The first warning that I would be assigned some role in the regime's
paranoid scenario came a few months ago. An editorial in Keyhan--Ayatollah
Khamenei's mouthpiece--described the lawyer Shirin Ebadi, the scholar
Abdol-Karim Soroush and myself as partners in an "American plan"
to overthrow the regime. At about the same time, a number of so-called
intellectuals and journalists began to accuse the three of us of the
same alleged crime. Sometimes the language shifted: In the sterile jargon
of the left, we were described as "comprador intellectuals"
who pave the way for "imperialism."
But these were fulminations. And the indictment is meant to provide
the definitive portrait of the "outside" influences that have
incited demonstrations in the streets. "The velvet revolution has
three arms, intellectual, media, and executive, and each of these have
relations to a number of American foundations." Of these foundations,
"the most important is an institution called Hooffer, at Stanford,
created during the Cold War. In this institute, there is a project called
Iran Democracy project, and three intelligence officers direct it: Abbas
Milani, Larry Diamond, and Mike McFour." Despite the chills the
indictment sends down my spine, I chuckled when reading this. Hooffer
is, of course, the Hoover Institution, not Stanford's school of tap
dance. Mike McFour is the esteemed academic Michael McFaul.

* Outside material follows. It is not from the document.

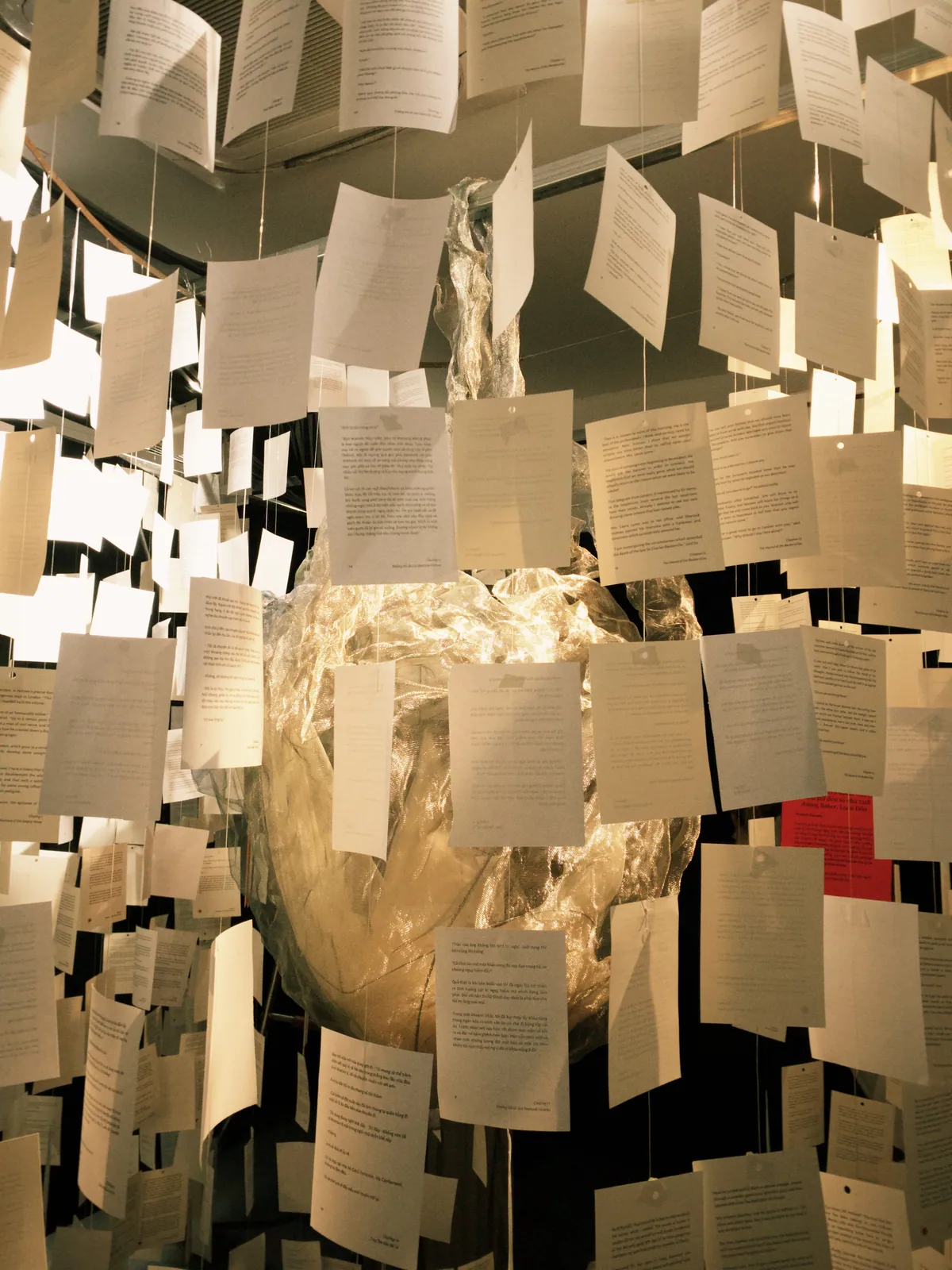 Hundreds of printed pages hung on strings around a glowing mesh-fabric form at the Light and Shadow exhibition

The indictment goes on to describe my past by declaring that "Abbas
Milani was imprisoned under Mohammed Reza period for working with a
leftist group. He later became a fervent royalist, so much so that after
the revolution, he lived in Iran for a couple of years, and then left
for America, where he published a number of books praising the accomplishments
of the Pahlavi regime." In actuality, I lived in Iran for the seven
years following the revolution, as well as the four preceding it. During
much of my time in prison, I was in the company of future Islamic luminaries--men
like Montazeri, Taleghani, Rafsanjani, and Mahdavi-Kani. I suspect in
the soon-to-be-prepared indictment against Rafsanjani, this coincidence
of life will absurdly date the beginning of our "conspiracy."

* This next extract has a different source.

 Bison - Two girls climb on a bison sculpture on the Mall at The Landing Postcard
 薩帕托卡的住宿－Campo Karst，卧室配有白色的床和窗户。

Surely my friends at Hooffer will be jealous that I'm assigned such
an outsized role in the indictment: "[G]radually he became one
of the most important leaders of the opposition, and his one big difference
with other leaders is that he has close relations with reformists inside
Iran." The indictment ends by suggesting that, "For the CIA,
Abbas Milani is even more important than [the deposed Shah's son] Reza
Pahlavi, because he is in close contact with the reformists, and has
defrayed the entire cost of [the reformist cleric Akbar] Ganji's stay
abroad." For the record, I have had no contacts with the CIA. I
do know that Ganji survives in the United States only by hard work--not
by hand-outs and certainly none that I have given him. If the authors
of this baseless indictment lived in the America, one could easily fight
them in the court of law. Sadly they live in a country where they govern
absolutely and with violence.
Indeed, it is only a matter of time before they apply their most ruthless
methods to the likes of Moussavi, Khatami, Karubi and even Rafsanjani.

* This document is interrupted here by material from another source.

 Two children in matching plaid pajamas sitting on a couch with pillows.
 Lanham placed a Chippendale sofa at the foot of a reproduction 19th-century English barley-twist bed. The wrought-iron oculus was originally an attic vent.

These barbaric trials, these shameless and cruel spectacles, are merely
a prologue.
I know I am reasonably safe here in California, but I also know that
the regime has assassinated more than a hundred of its opponents--from
activists and journalists to scholars and artists--in Europe. Mostly
I feel a pang of shame--the shame common to the survivor spared the
consequences of a great calamity, the fate of those hundred brave but
shackled, dignified but tortured prisoners.
Abbas Milani is the Hamid and Christina Moghadam Director of Iranian
Studies at Stanford, where he is the co-director of the Iran Democracy
Project. His latest book is Eminent Persian: The Men and Women who Made
Modern Iran, 1941-1979 (Syracuse University Press).